Indien: Manipur in Flammen
Mehr als hundert Menschen wurden bislang getötet, über 50.000 wurden vertrieben. Brände und Plünderungen von Häusern, Kirchen, Schulen und anderen Einrichtungen gehen weiter. Recht und Sicherheit sind nur noch eine ferne Erinnerung, während die lebensnotwendigen Güter knapp sind und die Preise in die Höhe schnellen.
In dem Konflikt stehen sich die Gemeinschaften der Kuki und der Meitei gegenüber. Angesichts der ernsten Lage hat der indische Innenminister Amit Shah für diesen Samstag eine Sitzung einberufen, zu der auch die Oppositionsparteien eingeladen sind.
„Angst, Verzweiflung und Hilflosigkeit ergreifen die Bevölkerung in einem großen Teil des Staates, vor allem die Ärmsten und Schwächsten“, erklärte der emeritierte Erzbischof von Guwahati, Thomas Menamparampil, im Gespräch mit der Vatikanzeitung „Osservatore Romano“. Guwahati liegt im Bundesstaat Assam, der an Manipur grenzt. Der Erzbischof bemüht sich darum, einen Dialog zwischen den beteiligten Gemeinschaften in Gang zu bringen.
„Es ist besorgniserregend, dass die Gewalt keine Anzeichen für ein Abflauen zeigt“, so der Erzbischof. Er äußert den Verdacht, dass der Konflikt von Akteuren oder Gruppen geschürt werde, um das Gebiet zu destabilisieren und politische Vorteile zu erlangen. „Im Moment sind die Wunden noch frisch. Junge Menschen sind emotional involviert, und es ist schwierig für die Älteren, sie zu überzeugen, sich zu beruhigen.“
Verluste an Menschenleben und Eigentum höher als angegeben
Die Verluste an Menschenleben und Eigentum seien höher als offiziell angegeben. Es gebe „keine einfachen Lösungen“ für den Konflikt. In der Hauptstadt Neu-Delhi haben Demonstrationen die Aufmerksamkeit der Öffentlichkeit auf das Problem der Zusammenstöße in Manipur gelenkt. Vor einigen Tagen haben sich mehr als 550 zivilgesellschaftliche Gruppen aus ganz Indien zusammengeschlossen, um die Eskalation der Gewalt zu verurteilen. Zehntausende von Menschen aus Manipur sind vor der Gewalt geflohen, die Rede ist von über 300 Flüchtlingslagern.

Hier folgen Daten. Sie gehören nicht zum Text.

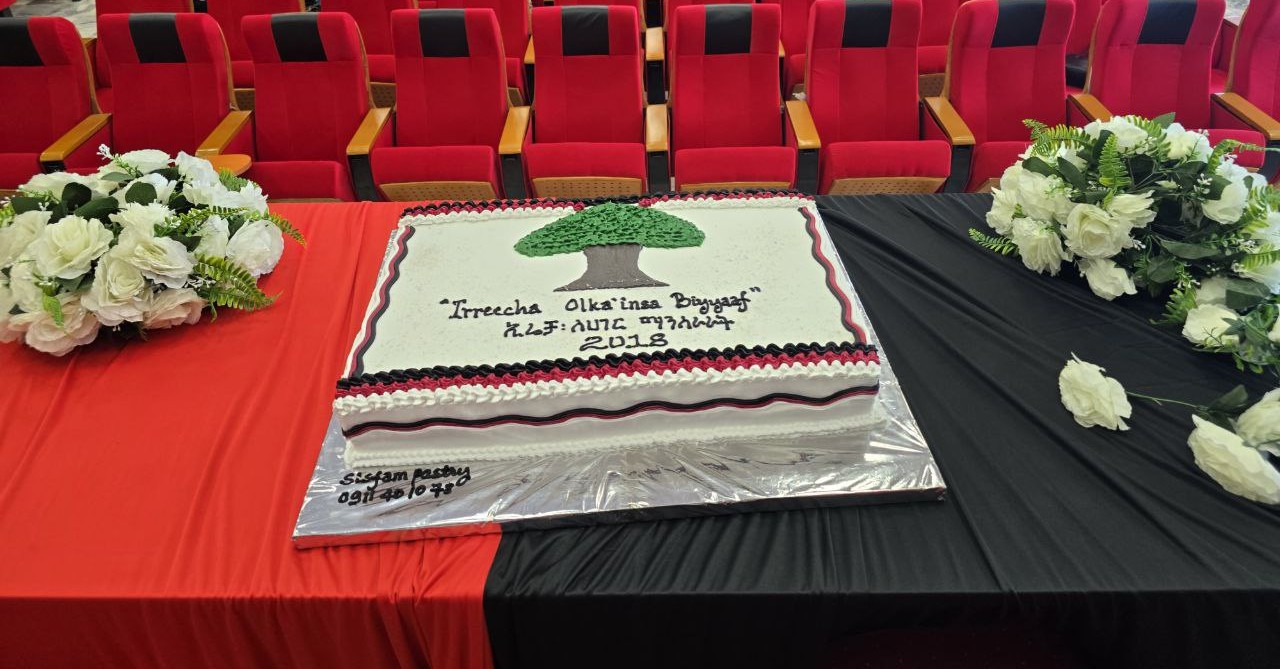 SISFAM custom cake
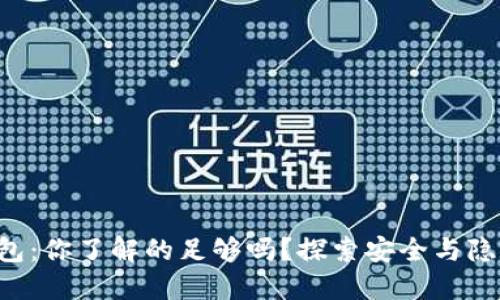 “比特币核心钱包：你了解的足够吗？探索安全与隐私的竞争之道！”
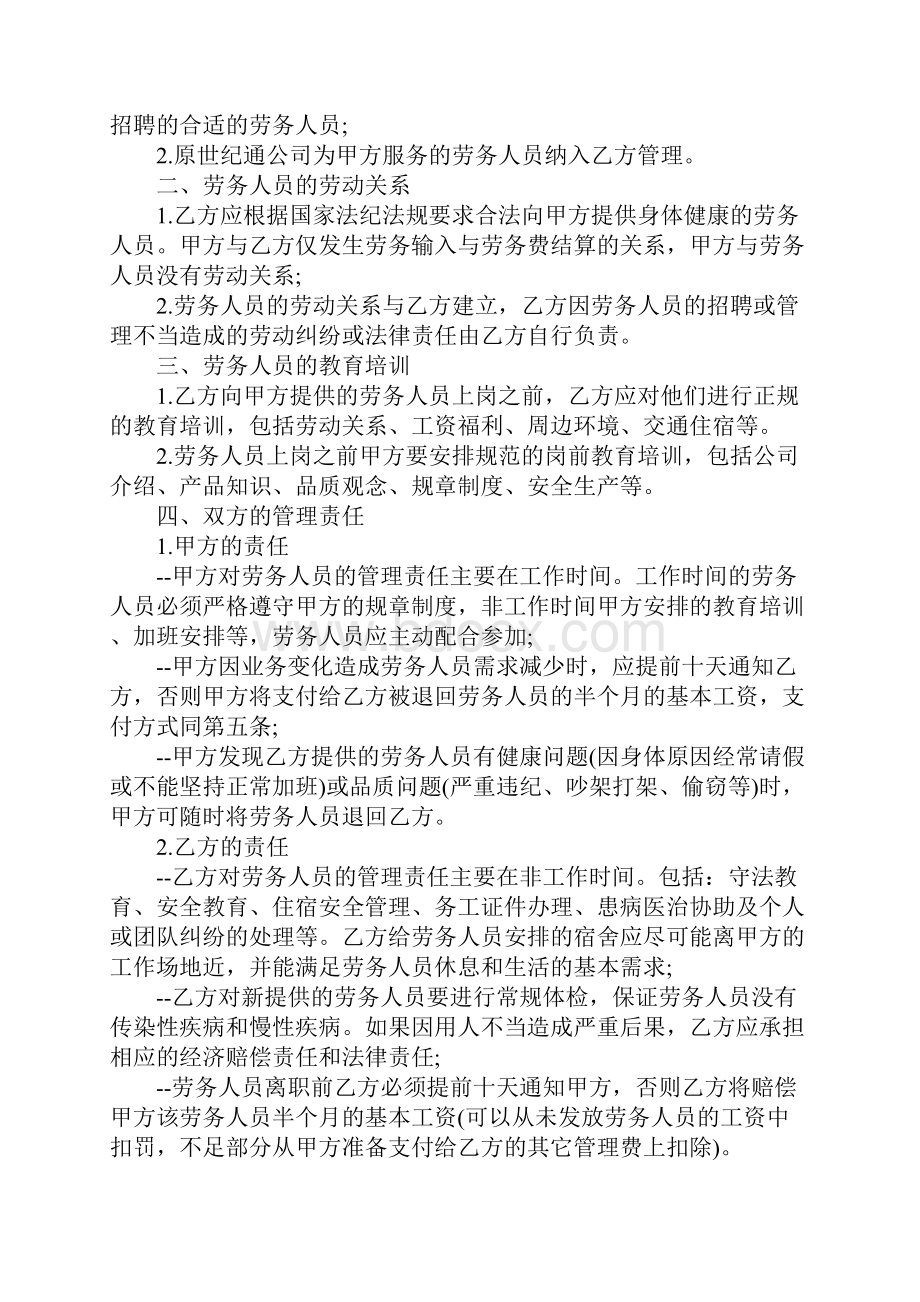 代理招聘合同书3篇完整版.docx_第2页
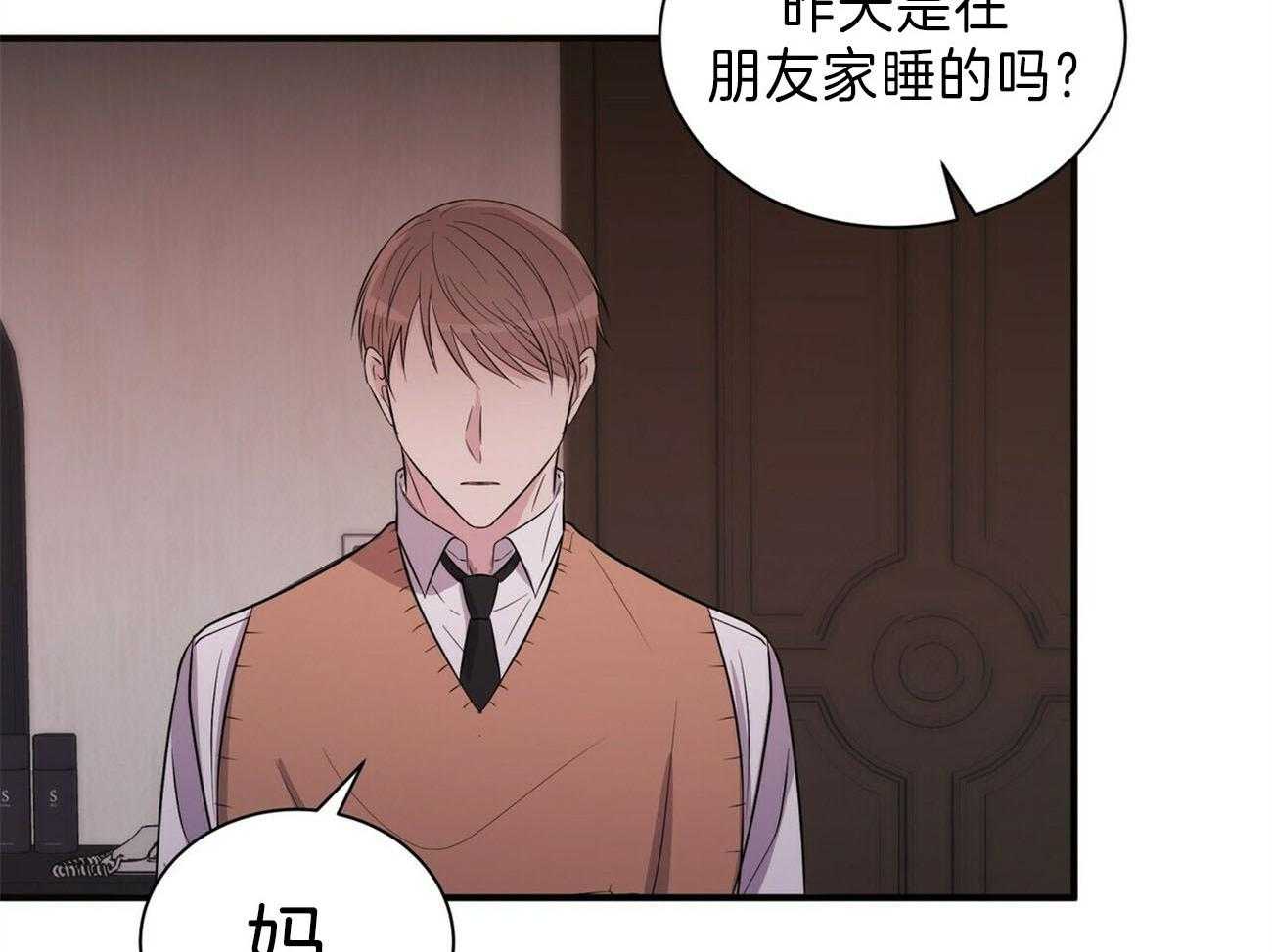 《为了结局的契约恋爱》漫画最新章节第60话 窒息免费下拉式在线观看章节第【38】张图片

Der ethnische Konflikt zwischen den Gemeinschaften der Kuki und Meitei ist am 3. Mai ausgebrochen. Die Gewalt begann nach einem Protestmarsch, an dem über 60.000 Menschen teilnahmen und der von der „Manipur Tribal Students Union“ organisiert wurde. Die Demonstranten wandten sich gegen Pläne, die Meitei-Gemeinschaften in die Kategorie der „Scheduled Tribe“ aufzunehmen, wodurch sie Zugang zu Vergünstigungen und insbesondere zu Land erhalten würden, das für indigene Gruppen reserviert ist.
Kein religiöser Konflikt
Der Jesuit Walter Fernandes, ehemaliger Direktor des Indischen Sozialinstituts in Neu-Delhi, der jahrzehntelang im Nordosten Indiens gelebt hat, erklärte: „Der Konflikt besteht zwischen Stammesangehörigen und Nicht-Stammesangehörigen. Allerdings versuchen einige politische Kräfte, ihn in einen religiösen Konflikt zu verwandeln, da die Stammesangehörigen in Manipur größtenteils Christen sind und die Meitei, die 53 Prozent der Bevölkerung ausmachen, Hindus sind. Die Meitei leben auf 10 Prozent des Territoriums und wollen Zugang zu dem fruchtbaren Gebiet, das als Stammesgebiet reserviert ist. Der Oberste Gerichtshof hat zu ihren Gunsten entschieden, was Proteste der Kuki ausgelöst hat, die wiederum die Gewalt entfacht haben.“
Erzbischof Menamparampil hat unlängst in Imphal, der Hauptstadt des Bundesstaates, 18 Vertreter von Religionsgemeinschaften wie dem Islam, dem Christentum, dem Buddhismus sowie lokalen und traditionellen Kulten an einen Tisch gebracht. Die Religionsvertreter waren sich darin einig, dass die Religionen dem Friedensprozess einen Impuls geben können, und riefen eindringlich dazu auf, die Gewalt zu beenden.